La salle à manger était décorée de gui et de houx ; ces sombres verdures s’harmonisaient bien avec les boiseries de vieux chêne. La bûche de Noël brûlait dans la cheminée monumentale, mettait çà et là des lueurs joyeuses, et mêlait sa flamme chaude aux reflets de l’argenterie et des cristaux. Le repas fut des plus gais. Il y avait sur toutes les physionomies une joie douce. Les Américaines étaient tout étonnées de se trouver dans ce milieu étranger et aristocratique, et plus surprises encore de s’y sentir parfaitement à l’aise. Le marquis d’Anguilhon promena les yeux autour de lui, à plusieurs reprises, avec une expression de tendresse, et finit par dire :
— Après tout, il n’y a de bon que le réveillon précédé de la messe de minuit et mangé en compagnie des siens. Ceux qu’on fait au restaurant sont bêtes et vous laissent tristes.
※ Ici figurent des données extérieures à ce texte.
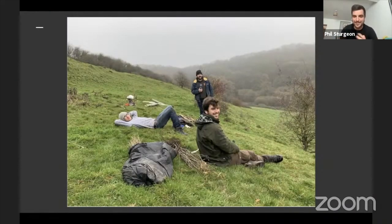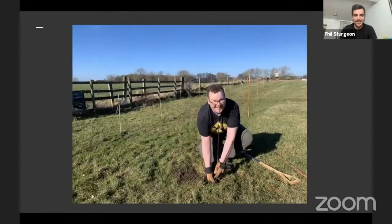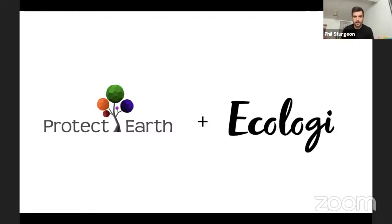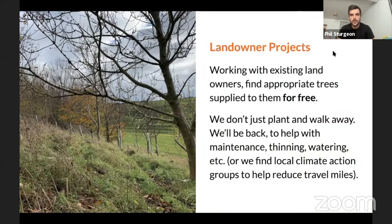We put together a team and started with our first project planting 100 trees. We partnered with Ecologi, a monthly subscription service that does good around the world - whether funding efficient cook stoves in Eritrea or biodigesters in Vietnam - and one of those things is us.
— Tu as mis tout ce temps pour reconnaître cela ? dit le comte de Froissy à son neveu.
— Non, mais je ne l’avais jamais si bien senti que ce soir ! répondit Jacques en regardant sa mère et sa femme.
— Et vous, madame Ronald, que pensez-vous de nos vieilles coutumes ? demanda M. de Limeray.
— Je leur trouve un très grand charme… La vie en Europe a des éléments qui n’existent pas encore chez nous, et c’est ce qui nous attire et nous retient… Voyez-vous, mes autres Noëls ne m’ont laissé aucun souvenir, mais celui-ci, je suis sûre que je ne l’oublierai jamais !…
Le lendemain, dans l’après-midi, Annie et sa belle-mère reçurent les enfants de Blonay ; le soir, il y eut un bal pour les parents et pour les serviteurs du château. Il fut ouvert par Jacques et sa femme. Dora était ravie. Il lui semblait vivre en plein roman.
— Comme tout cela est intéressant ! dit-elle à madame Ronald.
Puis, à voix basse :
— Jack a de la chance que je ne sois pas venue plus tôt à Blonay !
Les quatre Américaines emportèrent de leur visite une impression des plus agréables. A peine dans le train, Hélène s’écria :
— Dody, vous méritez une bonne note. Vous avez eu une tenue parfaite. Jamais je ne vous aurais crue capable d’être si convenable !
— Merci !
— Avouez-le : c’est la marquise douairière qui vous a imposé.
— C’est vrai : pour rien au monde, je n’aurais voulu choquer cette grande dame si simple, si bienveillante. Du reste, j’ai tout de suite senti que, dans ce milieu, il fallait mettre une sourdine à notre modernité pour ne pas détonner… Et, par parenthèse, j’ai été très fière d’Annie. Ma parole d’honneur, je crois qu’une Américaine bien née, bien élevée, peut se mettre à la hauteur de n’importe quelle situation. Si l’on a besoin d’une reine quelque part en Europe, on n’a qu’à venir la demander chez nous.
— Eh bien, vous n’êtes pas modeste, au moins ! dit madame Ronald en souriant.